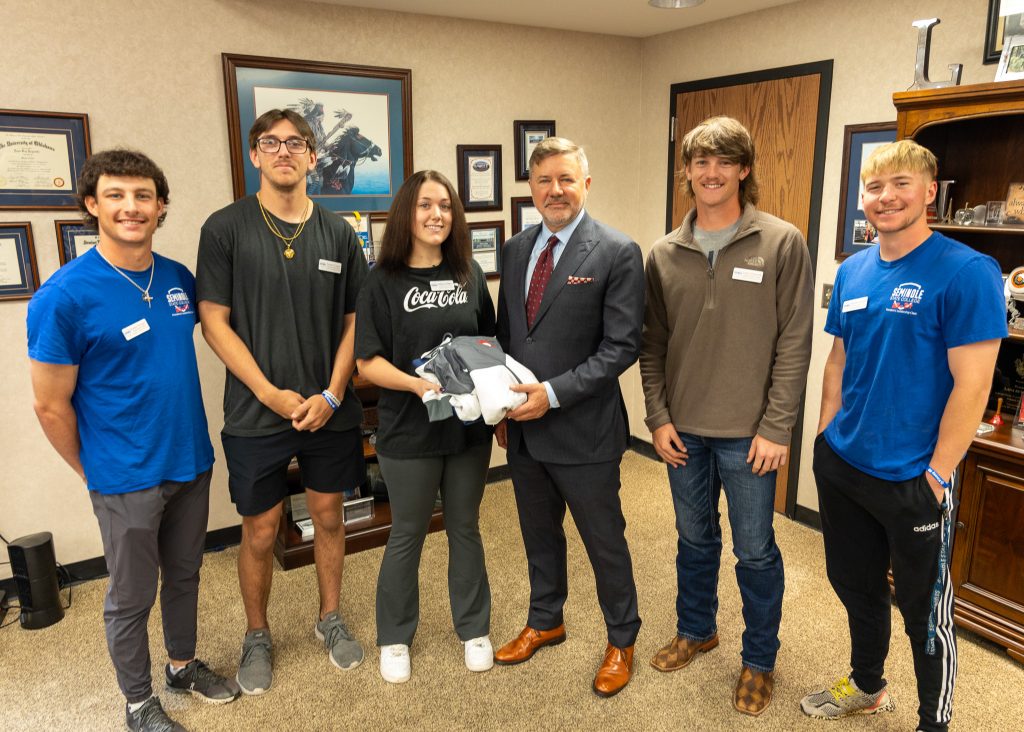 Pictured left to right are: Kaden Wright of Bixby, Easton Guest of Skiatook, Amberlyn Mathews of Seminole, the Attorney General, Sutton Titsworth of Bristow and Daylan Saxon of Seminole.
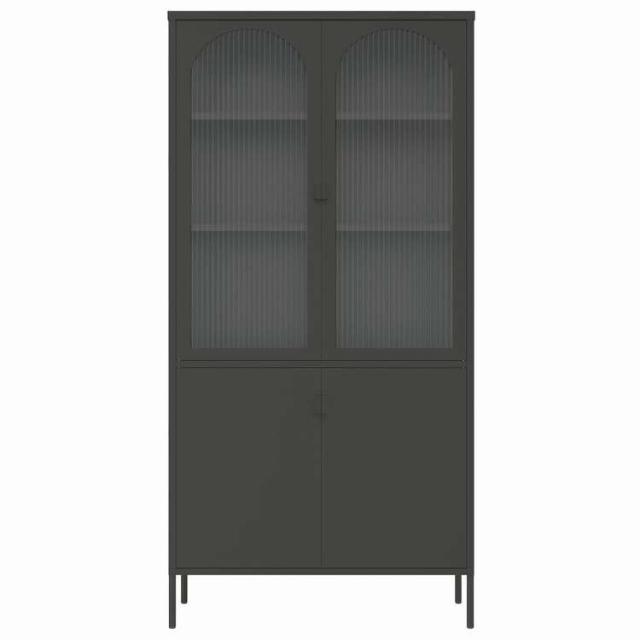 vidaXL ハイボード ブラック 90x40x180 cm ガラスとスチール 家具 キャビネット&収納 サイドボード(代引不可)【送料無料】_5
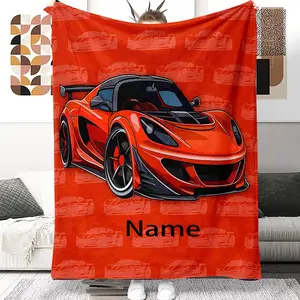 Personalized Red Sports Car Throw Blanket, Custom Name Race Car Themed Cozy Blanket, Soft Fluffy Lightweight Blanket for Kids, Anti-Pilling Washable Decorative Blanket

**Work instruction**
Would you return the material exactly, images excluded?

**Answer space**
 Pictured left to right are: Kaden Wright of Bixby, Easton Guest of Skiatook, Amberlyn Mathews of Seminole, the Attorney General, Sutton Titsworth of Bristow and Daylan Saxon of Seminole.
 vidaXL ハイボード ブラック 90x40x180 cm ガラスとスチール 家具 キャビネット&収納 サイドボード(代引不可)【送料無料】_5
 Personalized Red Sports Car Throw Blanket, Custom Name Race Car Themed Cozy Blanket, Soft Fluffy Lightweight Blanket for Kids, Anti-Pilling Washable Decorative Blanket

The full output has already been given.